It has been known for more than 20 years that interferon prevents virus production. In recent years, studies have also shown that interferon also inhibits cell division and regulates many immune system responses. All these results underscore the great therapeutic significance of interferon.

The amounts of interferon that have hitherto been useful for scientific and therapeutic studies have been recovered from fibroblast and lymphocyte cultures. However, both methods have failed to produce large amounts of interferon, or sufficient amounts of individual problems. This is too; at the same time the cause is that the knowledge in the interferon field is advancing very slowly and that only very few of the urgently desired studies in the cancer field could be performed. It is therefore necessary to break new ground in the production of interferon.
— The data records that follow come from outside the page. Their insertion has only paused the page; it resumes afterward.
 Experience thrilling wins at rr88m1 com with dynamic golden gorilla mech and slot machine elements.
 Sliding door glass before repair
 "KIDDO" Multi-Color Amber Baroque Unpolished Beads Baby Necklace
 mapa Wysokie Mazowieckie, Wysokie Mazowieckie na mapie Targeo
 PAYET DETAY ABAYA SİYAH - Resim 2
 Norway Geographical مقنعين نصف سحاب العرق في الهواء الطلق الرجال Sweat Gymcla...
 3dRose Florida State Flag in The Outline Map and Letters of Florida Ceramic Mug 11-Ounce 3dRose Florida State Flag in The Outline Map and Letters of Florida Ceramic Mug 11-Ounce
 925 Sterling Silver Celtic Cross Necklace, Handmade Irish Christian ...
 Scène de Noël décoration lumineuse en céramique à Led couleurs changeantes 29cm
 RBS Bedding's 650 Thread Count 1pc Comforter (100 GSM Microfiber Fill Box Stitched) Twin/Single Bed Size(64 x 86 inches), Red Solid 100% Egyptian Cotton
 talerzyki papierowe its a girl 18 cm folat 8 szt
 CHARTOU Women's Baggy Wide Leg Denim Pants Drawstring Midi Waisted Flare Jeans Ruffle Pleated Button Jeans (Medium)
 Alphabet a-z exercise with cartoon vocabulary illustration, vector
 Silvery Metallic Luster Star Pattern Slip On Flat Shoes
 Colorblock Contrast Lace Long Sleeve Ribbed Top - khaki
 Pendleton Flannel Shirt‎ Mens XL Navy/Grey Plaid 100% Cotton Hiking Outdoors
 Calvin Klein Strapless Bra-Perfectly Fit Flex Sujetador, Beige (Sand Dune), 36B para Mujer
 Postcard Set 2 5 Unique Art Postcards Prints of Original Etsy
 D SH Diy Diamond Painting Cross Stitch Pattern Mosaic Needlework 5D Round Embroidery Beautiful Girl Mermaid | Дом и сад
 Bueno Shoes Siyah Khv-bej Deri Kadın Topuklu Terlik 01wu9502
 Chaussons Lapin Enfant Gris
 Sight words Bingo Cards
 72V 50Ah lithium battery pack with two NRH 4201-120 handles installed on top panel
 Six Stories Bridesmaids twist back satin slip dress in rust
Such a path is now pointed out by the present invention. This involves the isolation of nucleotide sequences containing the genetic code for interferon, the synthesis of DM with this specific nucleotide sequence, and the transfer of this DM into a host microorganism in which the replication and expression of this DM takes place.

The invention particularly relates to the formation of genes for fibroblast interferon, the transfer of these genes into a microbe host, replication of host and gene expression of the gene by the host. This produces interferon protein with the biological and immunological properties characteristic of this protein.

To achieve the present objectives, one can proceed in the following manner, with the path shown as pre-prepared for various usable states.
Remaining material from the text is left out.